CREDIT: Craig Hammond

Ami Schneider wears her degree from the The Illinois Institute of Art Schaumburg in a frame tied around her neck emblazoned with one word written in red paint — “worthless.”

Schneider, 29, is one of a growing group of graduates and former students of the Art Institutes (AI) who are protesting at for-profit college campuses across the country. They’re targeting open houses for interested students, handing out flyers to let parents know about the ongoing litigation against for-profit colleges, and advising students to spend some time investigating the schools they’re considering.

Protesters have been calling police stations ahead of time to ensure they aren’t encroaching on private property, but that hasn’t stopped some administration officials and security guards from coming outside and challenging protesters’ right to be there. Still, activists are determined. Last week, Schneider protested at the for-profit college she graduated from amid a heavy snowstorm.

Ami Schneider talks to a parent and prospective student at an open house at the The Illinois Institute of Art-Chicago.

CREDIT: Craig Hammond

In general, protests for debt forgiveness and awareness of for-profit college fraud have been on the rise. Groups such as the Debt Collective and the Million Student March — which ask for student debt forgiveness — are attracting an increasing number students who feel cheated by the higher education system.

“AI is for-profit, not for students,” one of Scheider’s signs reads.

Why for-profit colleges graduates are protesting

For-profit colleges market themselves as a less expensive option compared to public colleges, portraying themselves as places where working parents can balance their family and financial responsibilities with the desire to get an education. They tend to target low-income students, many of whom are trying to attend school while working and caring for their children.

However, many of these institutions are known for having a lower quality of education and hold limited career prospects for graduates, since employers tend to take them less seriously. Corinthian Colleges, for instance, was fined $30 million by the U.S. Department of Education after it found the company misrepresented its job placement rates — and counted jobs as being in a graduate’s field when former students were actually working at fast food restaurants.

There’s some evidence that graduates of for-profit colleges are really struggling financially. Student loan defaults have been rising, and most of that increase can be attributed to for-profit college graduates, according to a recent paper from the Brookings Institution.

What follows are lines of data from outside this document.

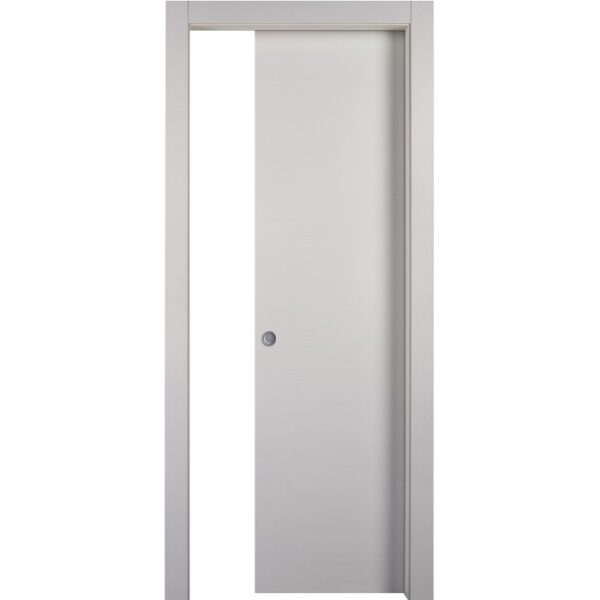 Porta interna chiara, scorrevole con telaio, dettaglio.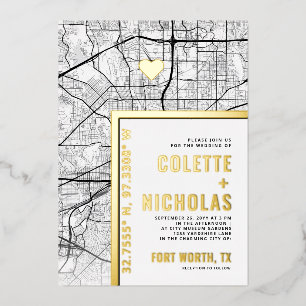 Fort Worth Love Locator   Stad thema bruiloft Folie Uitnodiging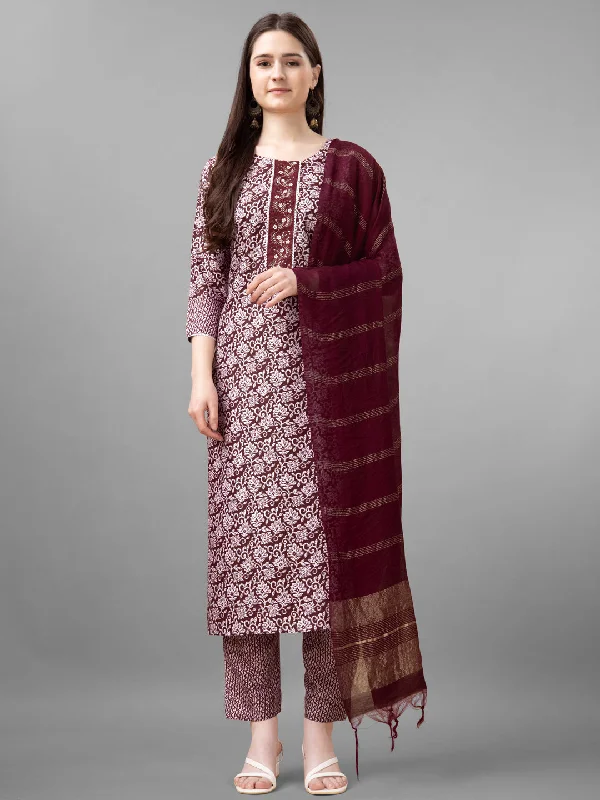 Maroon Printed Designer Pant Suit With Embroidery Work High-Waist Trousers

In 1999, 29 and 24 percent of for-profit and two-year colleges, both public and private, defaulted within five years, respectively. But in 2009, 47 and 38 percent of borrowers in those categories defaulted within the same time frame. When looking at nontraditional borrowers required to start repayment in 2011, 21 percent of those borrowers defaulted within two years, compared to 8 percent of traditional borrowers. Repayment rates were dismal for many of the for-profit colleges, such as the University of Phoenix, which only had 1 percent of its total debt balance repaid in 2014.

Ami Schneider at the Illinois Institute of Art-Chicago protest.

CREDIT: Craig Hammond

That’s especially bad news for students of color who may opt for a for-profit institution. Black and Hispanic families have less wealth as well as less income, making it even more difficult to pay off student loans. When looking at income versus wealth, the racial gap in wealth is three times larger than the racial gap in income, when considering black and Hispanic families, according to a 2013 Urban Institute report. For black and Hispanic students, that wealth isn’t really protected by a college education, because debt weighs so heavily.

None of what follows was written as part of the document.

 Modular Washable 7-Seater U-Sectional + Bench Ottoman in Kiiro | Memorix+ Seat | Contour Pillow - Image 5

After some work by activist student groups such as the Debt Collective — an offshoot of Occupy Wall Street — began receiving major coverage in the media, the U.S. Department of Education began working on a process for refining the borrower defense to repayment option, which, although it’s existed for decades, hasn’t really been taken advantage of by borrowers. The department appointed an outside expert to manage the process, who has been releasing news about the ongoing process every couple of months.

A win that is really a loss for students

Last week, in a settlement with several attorneys general, a major for-profit college company agreed to pay out $102 million that will go to over 80,000 students for loan forgiveness. Education Management Corporation, or EDMC, has previously been accused of misrepresenting its educational benefits, giving inaccurate information about accreditation, and misrepresenting job placement rates. This is in addition to the $95 million settlement EDMC had to pay to settle a 2007 federal lawsuit under the False Claims Act.

On its face, it may seem like good news EDMC — which owns the Art Institutes, Argosy University, and Brown Mackie College — is making a settlement that will benefit students. But the devil is in the details.

The settlement only applies to students who fit certain criteria, such as the right attendance dates and the right number of credits that weren’t transferable to another college — and even then, those students only receive an average of $1,370 toward their student loan forgiveness. When some for-profit college graduates have more than $50,000 in student loans, that barely makes a dent in graduates’ overall financial pictures.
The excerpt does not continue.